To understand the deep impact of the role of Data Science in trucking, let us look at two scenarios. A Trucker taking a Full Truck Load (FTL) typically travels an average of 600kms per trip moving goods between states over 2-4 days. Scenario 1 - a trucker is moving coal from Kandla, Gujarat to Muzaffarnagar, UP covering 1200 kms over 4 days. Upon arrival at Muzaffarnagar, the truck takes anywhere between 3-12 hours for unloading the goods depending on queues at the destination warehouse. Post unloading, the trucker now starts calling his/her contacts to seek a good return load for the next trip. In a traditional and unorganized setting, it is normal for a trucker to wait 12-48 hours to confirm the next load and also end-up traveling at least 50-150 kms for the next load aka ‘dry run’. Which means after reaching Muzaffarnagar, a typical return loop starts from Karnal, Haryana 80 km away from Muzaffarnagar.
Let’s contrast the above example with the ideal behavior on a technology platform powered by data and algorithms. With Data Science, we can build models to anticipate when a trucker will finish his delivery and need another load on his return route. The platform can upfront recommend relevant loads before the trucker even completes his unloading as opposed to the offline world where a trucker has to call and look for the next load after he finishes unloading.
Now in scenario 2, if the same truck traveling from Kandla to Muzaffarnagar is fitted with a GPS device it can send GPS data-pings every 10 secs triggering a comprehensive suite of Machine Learning algorithms. The Data science efforts begin with endowing meaning to the raw GPS trajectory that is being streamed from the devices onto the digital platform’s data lakes. As it observes the trajectory of GPS pings moving away from Kandla and approaching Muzaffarnagar, it can continuously predict the potential state of the truck. It can deploy deep learning based Spatial-temporal sequence models to understand if the truck is still ‘in-transit’? or has it entered the ‘unloading-complete’ state? or has it moved into ‘is-available for the next load’ state? Based on the model's confidence on whether the truck is going to be available soon, an efficient match-making engine can proactively recommend new loads as per the truck’s proximity and relevance.

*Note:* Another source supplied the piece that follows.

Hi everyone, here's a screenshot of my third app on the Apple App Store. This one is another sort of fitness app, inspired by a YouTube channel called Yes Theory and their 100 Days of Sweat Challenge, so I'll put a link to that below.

These recommended loads are generated via relevance models which are trained over trucker’s historical click-stream data. Machine learning models pick up signals every time a trucker engages with the platform to search for loads. The model learns to decode these signals to build a profile of the truckers’ latent preference across various entities - geographical lanes, product-types, price-points, shippers, ratings etc.
This profile creation helps in optimal allocation and distribution of relevant loads to the right type of trucker. DS deploys optimization algorithms in frequent intervals to optimally distribute and allocate the fresh loads among truckers based on availability, proximity and relevance constraints.

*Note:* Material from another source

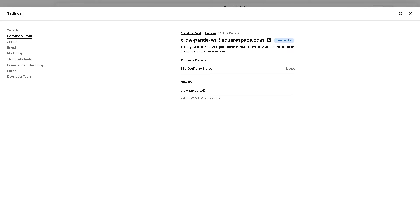After confirming the cancellation, Squarespace should provide confirmation that your domain subscription has been cancelled. You might also receive an email notification confirming the cancellation.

The end-goal is any trucker who is engaging on the platform is already aware of his next load even before he completes his unloading. These recommendations are optimized to create greater discovery of loads and at the same time significantly reduce the idle time of a truck and cut-down potential dry-run kms. It is aimed at improving revenues as well as reducing operational costs for a truck operator. A digital freight network that is well optimized can empower a truck operator to better utilize his assets; reduce idle time by 40% - 50%, and improve his earnings by 20% to 30%.
However, Data science and machine learning modules need to constantly evolve. Algorithms and modules must be continuously re-calibrated and re-optimized based on both implicit and explicit feedback obtained via customers, in this case truckers who respond to the algorithm outputs. This ensures that the match-making engine is consistently able to better match the right trucker with the right load at the right time improving the rate of deal-closures on a platform.